I cannot conceive of a God who rewards and punishes his creatures, or has a will of the kind that we experience in ourselves. Neither can I nor would I want to conceive of an individual that survives his physical death; let feeble souls, from fear or absurd egoism, cherish such thoughts. I am satisfied with the mystery of the eternity of life and with the awareness and a glimpse of the marvelous structure of the existing world, together with the devoted striving to comprehend a portion, be it ever so tiny, of the Reason that manifests itself in nature.

– Albert Einstein, from “The World as I See It”

Came across the above in a book I am reading (“Ganesha on the Dashboard” by V. Raghunathan & M.A. Eswaran). The book attributes this quote to Bertrand Russell, but the Internet attributes this to Albert Einsten. I’ll go with the Internet.

Reading this quote blew my mind. That’s exactly the argument I too have about God! Each time my wife or parents insist I visit a temple or pray that’s exactly what I go through in my mind. The God I can conceive of does not punish me for my “mistakes” nor is capable of rewarding me for “good deeds” or “prayers”. A “God” who does all these is simply not a God for me. Such an entity might be a demigod or some other force, but definitely not God.

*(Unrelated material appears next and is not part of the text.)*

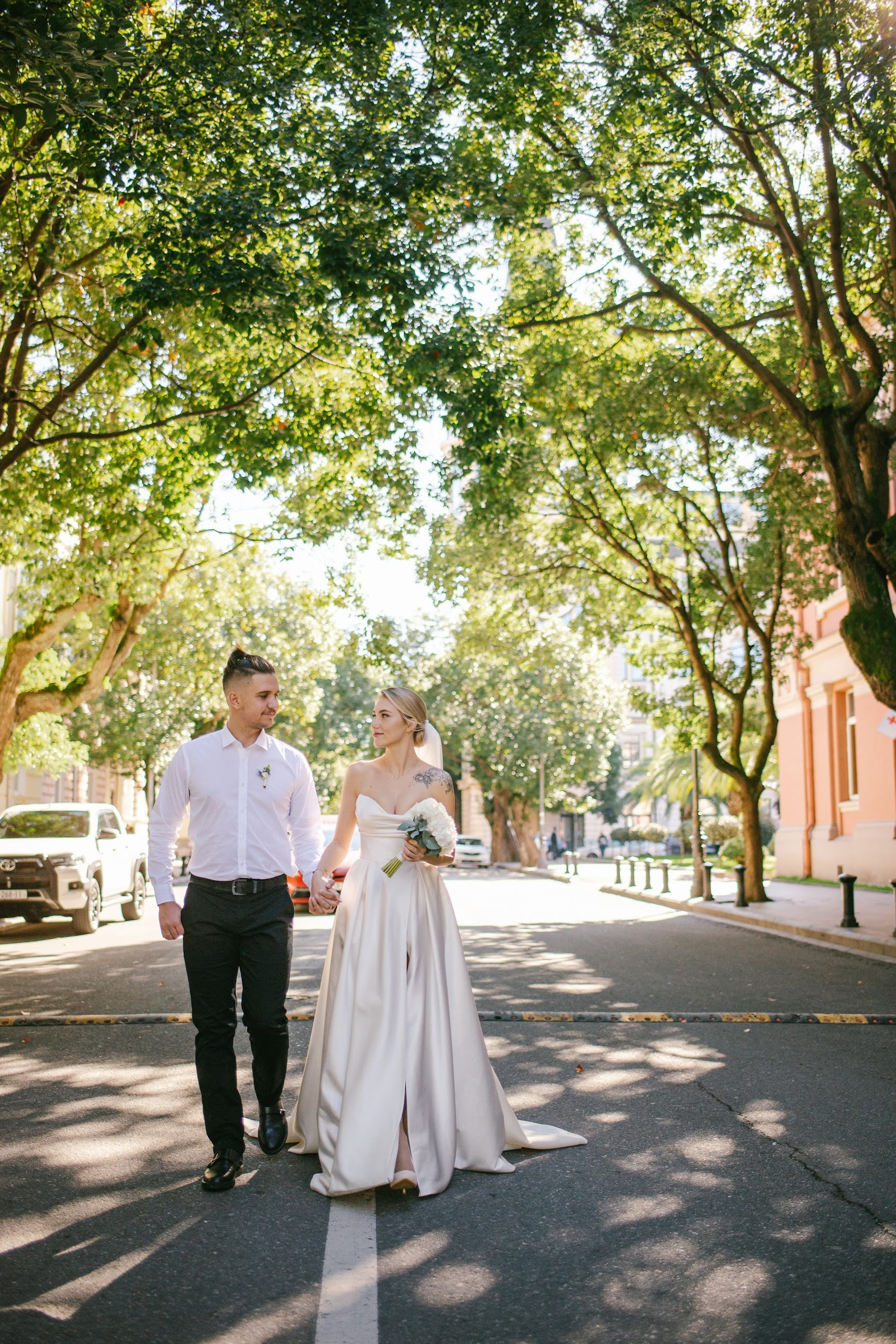 Wedding in Batumi for foreigners — Papers in 9 hours, Ceremony and Photographer. Арт Ивент Студио — Самое рейтинговое свадебное агентство в Грузии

God (or Tao or the force or whatever) made us and everything around us. If we behave a certain way the onus of those decisions are on us. God gave us a brain and thought processes. Right and Wrong are relative and while there are many things that are Wrong for everyone, it is up to each one of us to discover and feel this for ourselves. Simply classifying something as Wrong and/ or not doing Wrong deeds even though we may not agree, but going along with it just coz God said so, is not the right way to do it in my opinion.

All that aside, the last line of the quote is another thing that resonates so well with me. The world is something. WE are something. There’s a beauty in it all, a mystery. The journey is the thing, not the destination. Putting up a God and chasing after what He/ She says isn’t the end goal for me; the end goal is the discovery. Of discovering the world around me and also the world within me. The “growing” I do – of my values, frames of reference, what I find to be right and wrong – that is the important thing.

Of course Einstein conveys all this much better than I do an in fewer words! Amazing!